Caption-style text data
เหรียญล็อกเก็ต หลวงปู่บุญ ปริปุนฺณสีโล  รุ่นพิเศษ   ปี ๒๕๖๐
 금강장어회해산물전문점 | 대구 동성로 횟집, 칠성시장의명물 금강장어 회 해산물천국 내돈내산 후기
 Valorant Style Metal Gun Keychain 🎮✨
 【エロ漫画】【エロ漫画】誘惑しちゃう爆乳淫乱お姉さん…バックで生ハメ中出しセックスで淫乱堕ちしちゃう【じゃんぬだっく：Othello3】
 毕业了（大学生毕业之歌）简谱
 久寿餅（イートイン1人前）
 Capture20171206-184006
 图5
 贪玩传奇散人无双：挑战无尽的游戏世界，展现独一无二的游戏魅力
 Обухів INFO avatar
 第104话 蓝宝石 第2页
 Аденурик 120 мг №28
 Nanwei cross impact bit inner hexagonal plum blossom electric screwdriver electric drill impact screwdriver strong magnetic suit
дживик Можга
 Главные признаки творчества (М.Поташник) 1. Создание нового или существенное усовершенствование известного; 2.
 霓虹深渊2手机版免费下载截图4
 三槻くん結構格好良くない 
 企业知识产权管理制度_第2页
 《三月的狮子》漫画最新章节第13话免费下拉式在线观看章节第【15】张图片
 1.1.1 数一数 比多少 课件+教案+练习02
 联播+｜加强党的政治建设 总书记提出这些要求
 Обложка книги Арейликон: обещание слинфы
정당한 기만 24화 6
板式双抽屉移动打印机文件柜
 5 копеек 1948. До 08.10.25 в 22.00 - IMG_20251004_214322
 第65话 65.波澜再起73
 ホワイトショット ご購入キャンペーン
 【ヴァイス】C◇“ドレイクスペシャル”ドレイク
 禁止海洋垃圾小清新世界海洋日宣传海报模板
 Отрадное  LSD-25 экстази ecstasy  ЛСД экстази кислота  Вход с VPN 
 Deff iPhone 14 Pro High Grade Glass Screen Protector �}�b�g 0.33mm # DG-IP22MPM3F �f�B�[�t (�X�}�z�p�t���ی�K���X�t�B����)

### WHAT NEEDS TO BE DONE
The records need to be reproduced in their entirety, word for word.

### EXERCISE OUTPUT
เหรียญล็อกเก็ต หลวงปู่บุญ ปริปุนฺณสีโล  รุ่นพิเศษ   ปี ๒๕๖๐
 금강장어회해산물전문점 | 대구 동성로 횟집, 칠성시장의명물 금강장어 회 해산물천국 내돈내산 후기
 Valorant Style Metal Gun Keychain 🎮✨
 【エロ漫画】【エロ漫画】誘惑しちゃう爆乳淫乱お姉さん…バックで生ハメ中出しセックスで淫乱堕ちしちゃう【じゃんぬだっく：Othello3】
 毕业了（大学生毕业之歌）简谱
 久寿餅（イートイン1人前）
 Capture20171206-184006
 图5
 贪玩传奇散人无双：挑战无尽的游戏世界，展现独一无二的游戏魅力
 Обухів INFO avatar
 第104话 蓝宝石 第2页
 Аденурик 120 мг №28
 Nanwei cross impact bit inner hexagonal plum blossom electric screwdriver electric drill impact screwdriver strong magnetic suit
дживик Можга
 Главные признаки творчества (М.Поташник) 1. Создание нового или существенное усовершенствование известного; 2.
 霓虹深渊2手机版免费下载截图4
 三槻くん結構格好良くない 
 企业知识产权管理制度_第2页
 《三月的狮子》漫画最新章节第13话免费下拉式在线观看章节第【15】张图片
 1.1.1 数一数 比多少 课件+教案+练习02
 联播+｜加强党的政治建设 总书记提出这些要求
 Обложка книги Арейликон: обещание слинфы
정당한 기만 24화 6
板式双抽屉移动打印机文件柜
 5 копеек 1948. До 08.10.25 в 22.00 - IMG_20251004_214322
 第65话 65.波澜再起73
 ホワイトショット ご購入キャンペーン
 【ヴァイス】C◇“ドレイクスペシャル”ドレイク
 禁止海洋垃圾小清新世界海洋日宣传海报模板
 Отрадное  LSD-25 экстази ecstasy  ЛСД экстази кислота  Вход с VPN 
 Deff iPhone 14 Pro High Grade Glass Screen Protector �}�b�g 0.33mm # DG-IP22MPM3F �f�B�[�t (�X�}�z�p�t���ی�K���X�t�B����)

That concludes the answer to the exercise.